Per le donne vittime, gli odori intimi troppo forti o insoliti sono spesso un flagello. È un motivo di vergogna, che a volte può impedire loro di consultare. Tuttavia, questi odori intimi dovuti alle secrezioni vaginali non sono in alcun modo un segno di mancanza di igiene personale e possono colpire tutte le donne, qualunque sia la loro età.

Quali sono questi odori vaginali?

Gli odori intensi e intensi provengono dalle secrezioni prodotte dalla vagina. Queste secrezioni hanno un odore naturale, che corrisponde a una flora vaginale in equilibrio. Ogni vagina ha un odore unico, ma ha generalmente descritto il profumo di una vagina sana come "muschiato".

A volte questo odore si evolve, specialmente durante il ciclo mestruale: le secrezioni assumono quindi un odore acido o "metallico" per alcuni giorni. Succede anche che il sesso cambi temporaneamente l'odore intimo. Allo stesso modo, la vagina di una donna in menopausa non avrà lo stesso profumo di una donna di 30 anni.

Tuttavia, gli odori marcati possono anche essere un segno di una patologia.

Quando consultare

Se questi odori forti sono accompagnati da prurito, irritazione e secrezioni di scarico insolite, questo è sicuramente il segno di uno squilibrio della flora vaginale, dovuto alla proliferazione di alcuni batteri. Non esitare a consultare il medico o il ginecologo.

Può davvero essere un'infezione batterica o vaginosi batterica. A causa dei batteri Gardnerella vaginalisLa vaginosi batterica è caratterizzata da uno squilibrio della flora microbica della vagina.
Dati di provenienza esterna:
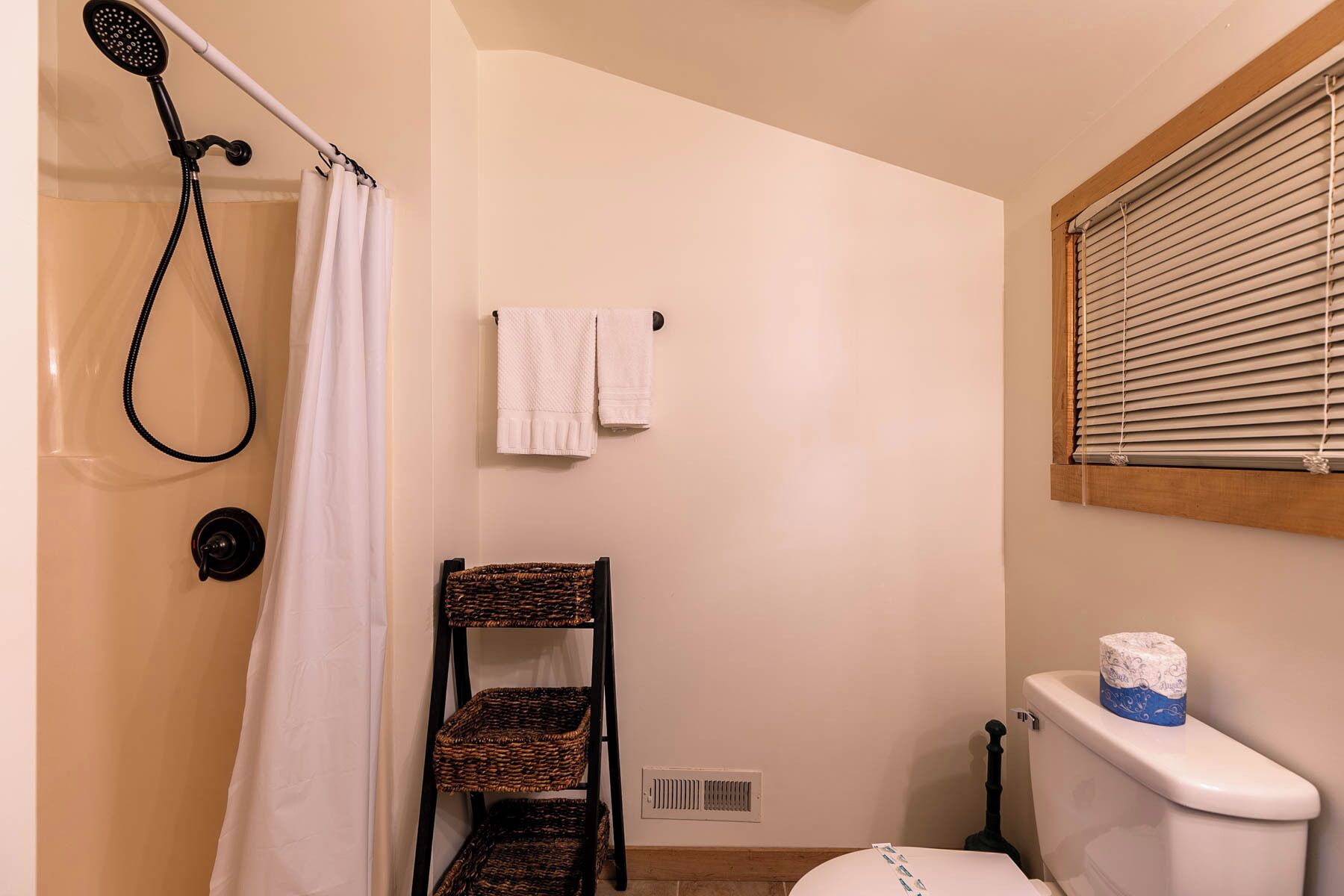 A bathroom with a shower, a toilet, a window with blinds, and a towel rack.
È riconoscibile dal suo odore chiamato "pesce marcio". Tuttavia, la vaginosi batterica benigna può essere molto pericolosa per la donna incinta causando un'infezione fetale.

L'altra infezione che causa un forte odore vaginale si chiama tricomoniasi. È un'infezione parassitaria (e quindi non virale) a trasmissione sessuale (STI) che si manifesta con perdite vaginali spesse, giallastre o verdastre e odori sgradevoli. Molto comune, questa infezione è facilmente curabile. Da qui la necessità di consultare per prescrivere il trattamento adeguato.

Inoltre, la scarsa igiene, lo stress, il trattamento antibiotico possono anche produrre odori sgradevoli, nonché cancro della cervice, cancro della vagina o fistola rettovaginale.

Come prevenire i cattivi odori?

Anche se ovviamente non è consigliabile utilizzare il profumo per mascherare i cattivi odori, è possibile prevenirli, soprattutto prestando particolare attenzione all'igiene personale.

L'uso di deodoranti o salviette intime, assorbenti o carta igienica profumata è scoraggiato, così come i detergenti che disturbano la flora vaginale e possono causare infezioni. "Tutte queste azioni e sostanze chimiche possono indebolire le mucose e bloccare le secrezioni naturali, spiega Marie Claire Jean-Marc Bohbot, medico delle malattie infettive. La vulva, nella misura in cui è una piega, deve necessariamente rimanere bagnata. Esiste una lubrificazione e un'idratazione naturali che evitano molti inconvenienti. I profumi sono allergenici e sulla pelle fragile come quella della vulva, possono causare gravi irritazioni. "

Per rispettare la sua flora ed evitare infezioni, si consiglia di utilizzare un bagno esterno, massimo due volte al giorno, con un prodotto di lavaggio delicato, possibilmente dedicato all'igiene personale.